Nvidia announced the GTX 1660 Ti and GTX 1650, two mobile graphics cards that fill out the more affordable side of the lineup. These cards will appear in new gaming laptops coming out as early as this month, starting at prices as low as $799.
They replace the aging 10-series mobile cards such as the GTX 1060, GTX 1050 Ti, and GTX 1050, offering access to the newer Turing architecture at more affordable prices. The desktop versions of these new cards were announced in March. Strangely, a mobile GTX 1660 has been left out, leaving an odd hole in Nvidia’s 16-series lineup.
The GTX 1660 Ti offers a 17% boost in CUDA cores over 10-series cards like the 1060, which naturally add a bump in performance. Nvidia claims there’s more the Turing architecture offers, though. Advancements like concurrent floating point and integer allow processing the same amount of instructions at a much faster rate. Other important benefits of the architecture include adaptive shading (which just got integrated into DirectX 12) and unified cache to allow for quicker access to fast storage. All these features give stronger advantages to modern and future games that utilize these advanced graphics techniques.
What kind of performance can you expect? Well, until we can test them out ourselves, all we have now are Nvidia’s numbers. The company says the GTX 1660 Ti will perform at 1.5 times the speed of the GTX 1060 in a game like Call of Duty: Black Ops 4 or Wolfenstein II. Meanwhile, you can expect up to 100 FPS (frames per second) in lighter games like Fortnite or Apex Legends with settings at high. That means we’ll probably see configurations offered with high refresh screens with the 1660 Ti. Nvidia also says performance is comparable to the RTX 2060, averaging framerates of around 5 or 10% less depending on the game.
As for the GTX 1650, Nvidia claims you can expect a 70% increase in performance over the GTX 1050 and 60 FPS in modern battle royale games at high settings. These represent the bottom of Nvidia’s new lineup and round out the options for gaming laptops under $1,000. While Nvidia calls the 1660 Ti “VR-ready,” the 1650 doesn’t get that certification.
What about real-time ray tracing?
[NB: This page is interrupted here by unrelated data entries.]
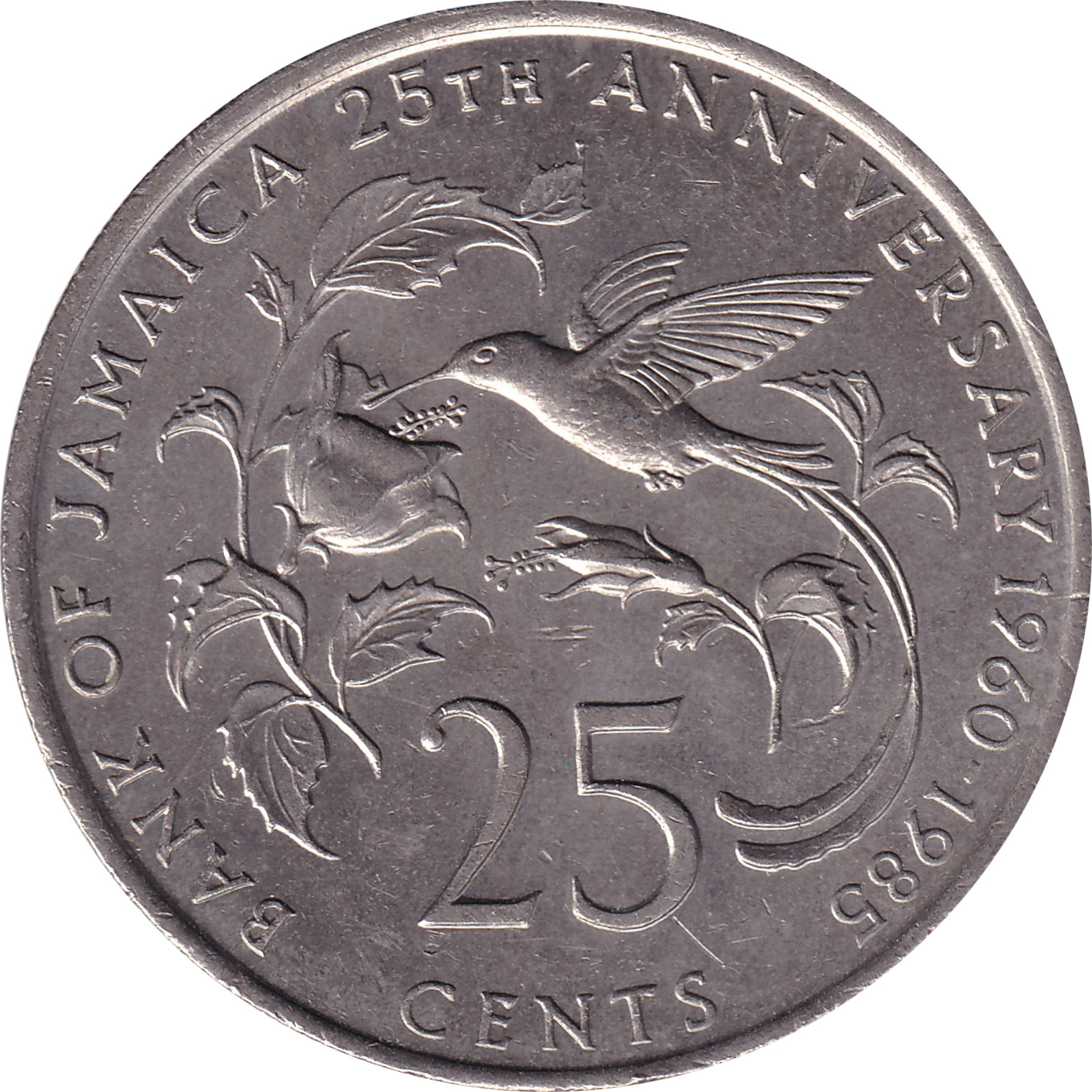 25 cents - Oiseau - Banque de Jamaique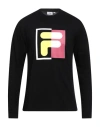 Fila Man T-shirt Black Size S Cotton In Black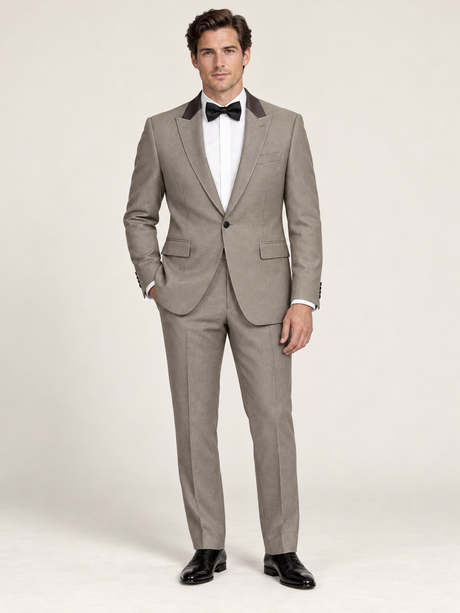 Argent Taupe Contrast-Lapel Tuxedo, provisional trouser hem concept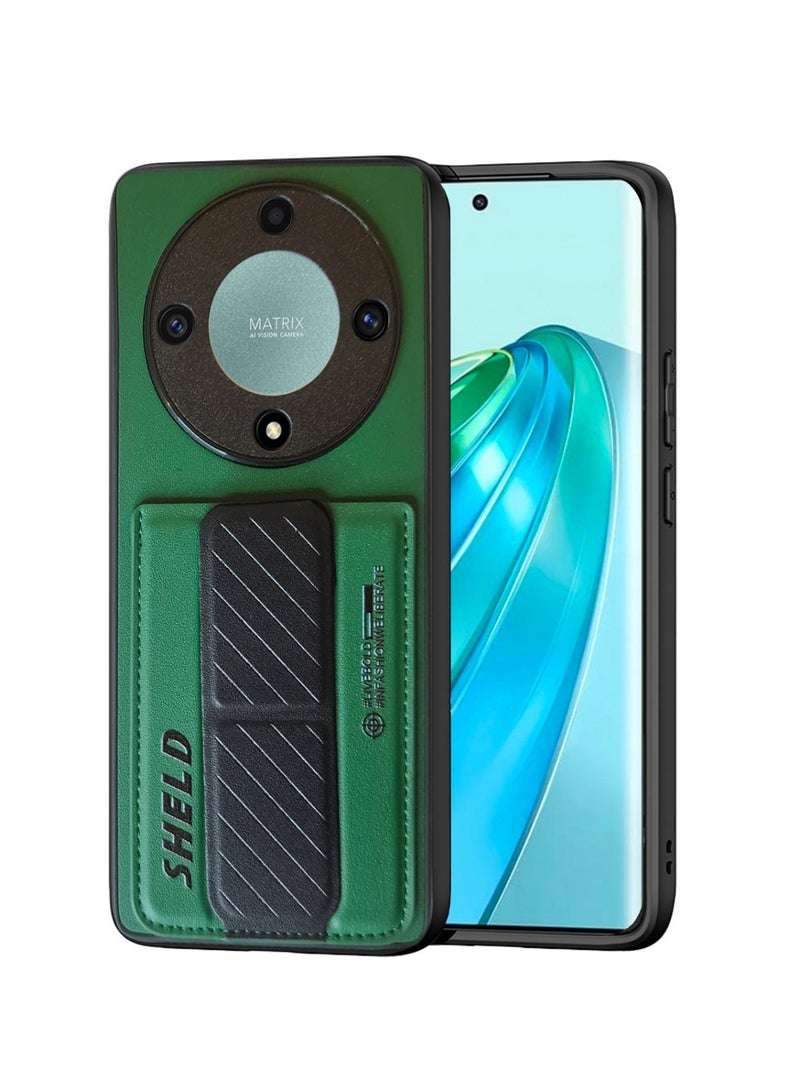 Techie Aesthetic Fashion Frosted Finished PU Leather Card Holder with Magnetic Secure Hand Grip Kickstand Back Cover Case for Honor X9A – Green / Black  - Image 1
Technically, yes, both cards have the feature enabled. But without the hardware acceleration provided by RT cores that appear in RTX cards, it’s not recommended. The same goes for higher resolution gaming. Nvidia says neither the 1650 or 1660 Ti is designed to play games beyond 1080p, though some high-resolution configurations may get released for content creation laptops. In the past, we saw laptops like the Dell XPS 15 opted for the GTX 1050 Ti to round out productivity performance in 4K.
Nvidia has also brought back the Max-Q thermal specification for these cards. Though Max-Q has been a bit of a mess in laptops with RTX cards, Nvidia is tightening the reins a bit for the GTX 1660 Ti and GTX 1650. The mobile 1660 Ti has a 80-watt TDP, while the Max-Q version brings it down to 60 watts. The GTX 1650 Max-Q brings its TDP down from 50 watts to 35.
While high-end gaming laptops are sticking with the RTX series, a number of laptops have already been announced that use these new GTX cards. For example, the new TUF Gaming FX505 and FX705 laptops from Asus use the GTX 1660 Ti, while the Lenovo Legion Y7000P includes options down to the GTX 1650.
Lastly, Nvidia also introduced a desktop version of the GTX 1650, which will have a starting price of $149. That is a price increase over both the GTX 1050 and 1050 Ti, though there is bound to be some wiggle room among different third-party manufacturers.